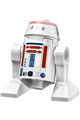 R5-D8 / R5-D4 - sw0373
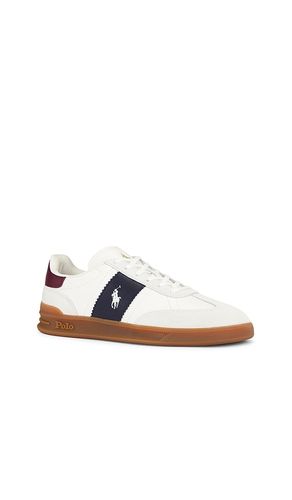 Aera Sneaker in . Size 7. Also in 7.5 - Polo Ralph Lauren - Modalova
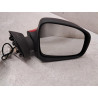 Retroviseur droit - DACIA - SANDERO 1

__Work order__
Reproduce word for word only the lines between the line containing "Aera Sneaker in" and the end of the listing above, both included, and drop any pictures.

__Exercise output__
 Aera Sneaker in . Size 7. Also in 7.5 - Polo Ralph Lauren - Modalova
 Retroviseur droit - DACIA - SANDERO 1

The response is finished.